Mamadi Doumbouya, com o posto de tenente-coronel mas que os media internacionais, por facilidade de comunicação, "promoveram" a coronel, tem um longo historial fora do país onde agora tende a ser o rosto do novo poder.
Foi membro do corpo de Legionários das Forças Armadas Francesas até 2018, ano em que regressou a Conacri, a convite de Apha Condé, para liderar uma força especial dentro das Forças Armadas com a missão de combater o terrorismo.
Tem o grosso da sua formação na Escola de Guerra francesa, integrando repetidas missões gaulesas além-fronteiras, nomeadamente, como se pode ler nos perfis divulgados nas últimas horas nos media especializados, no Afeganistão, na Costa do Marfim, durante a presença francesa após os tumultos de 2010, 2011, ou ainda na RCA.
O seu passado militar regista ainda formação em unidades especiais em Israel, Senegal e no Reino Unido, países onde frequentou as escolas de elite das respectivas Forças Armadas.
Mamadi Doumbouya deixou uma carreira de sucesso nas Forças Armadas francesas para ingressar nas Forças Armadas da República da Guiné por convite do Presidente Alpha Condé, em 2018, para liderar uma unidade de topo entre as forças especiais, com poder sem igual, sendo mesmo o seu grupo considerado um Exército dentro do Exército, cuja missão mais saliente seria o combate ao terrorismo mas que algumas fontes citadas pelos media especializados apontam como sendo, efectivamente, uma criação de Condé para garantir a sua segurança face à crescente contestação interna que o Presidente vinha granjeando.
No entanto, algumas fontes admitem que a motivação do tenente-coronel Mamadi Doumbouya para este golpe pode não ser, efectivamente, a deriva totalitária de Condé mas sim o facto deste o ter transferido para um distante e subalterno posto na fronteira da Serra Leoa, numa cidade chamada Forecariat.
A sua reacção terá gerado uma situação incandescente no seio das Forças Armadas guineenses e chegou mesmo a haver rumores de que fora preso ou que tinha sido dada ordem para a sua detenção.
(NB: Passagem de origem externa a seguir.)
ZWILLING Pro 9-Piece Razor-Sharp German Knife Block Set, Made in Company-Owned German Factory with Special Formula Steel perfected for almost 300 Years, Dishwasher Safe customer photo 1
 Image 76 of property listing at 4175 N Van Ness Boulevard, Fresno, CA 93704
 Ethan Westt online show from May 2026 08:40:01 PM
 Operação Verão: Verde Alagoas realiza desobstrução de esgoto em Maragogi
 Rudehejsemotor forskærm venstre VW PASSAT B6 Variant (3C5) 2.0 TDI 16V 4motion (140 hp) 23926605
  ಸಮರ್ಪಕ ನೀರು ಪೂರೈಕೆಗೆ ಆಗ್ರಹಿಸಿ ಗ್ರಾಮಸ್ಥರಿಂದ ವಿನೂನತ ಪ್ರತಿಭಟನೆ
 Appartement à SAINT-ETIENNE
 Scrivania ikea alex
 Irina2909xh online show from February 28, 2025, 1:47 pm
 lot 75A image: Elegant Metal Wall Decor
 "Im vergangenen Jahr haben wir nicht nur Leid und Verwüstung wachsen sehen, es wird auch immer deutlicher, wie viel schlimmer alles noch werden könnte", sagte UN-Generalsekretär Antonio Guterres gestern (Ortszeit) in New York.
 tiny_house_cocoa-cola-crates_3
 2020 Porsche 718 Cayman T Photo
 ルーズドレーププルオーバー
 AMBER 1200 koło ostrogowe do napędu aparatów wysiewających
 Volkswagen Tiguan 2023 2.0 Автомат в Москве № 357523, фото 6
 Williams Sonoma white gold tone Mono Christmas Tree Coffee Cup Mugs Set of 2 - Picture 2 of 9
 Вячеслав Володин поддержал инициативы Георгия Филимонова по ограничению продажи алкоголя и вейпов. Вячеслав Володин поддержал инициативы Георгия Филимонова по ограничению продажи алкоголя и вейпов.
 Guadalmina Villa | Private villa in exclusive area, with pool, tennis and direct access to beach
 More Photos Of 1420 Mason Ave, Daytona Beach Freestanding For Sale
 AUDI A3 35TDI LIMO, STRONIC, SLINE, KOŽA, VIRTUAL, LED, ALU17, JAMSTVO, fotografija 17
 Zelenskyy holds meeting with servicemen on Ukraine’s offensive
O que se pode confirmar de facto é que, aproveitando a tensão social no país, gerada pela degradação da sua situação económica, com um desemprego galopante, um custo de vida insuportável para as classes menos favorecidas, o descontentamento com a alteração à Constituição de forma a perpetuar-se no poder por parte de Alpha Condé - que terminou a sua carreira política exposta num vídeo humilhante rodeado de miliares golpistas, camisa aberta, desfraldado e sentado num sofá -, o tenente-coronel Mamadi Doumbouya aproveitou para resolver dois problemas com uma só decisão: tomar o poder, através de um golpe militar... em nome do povo.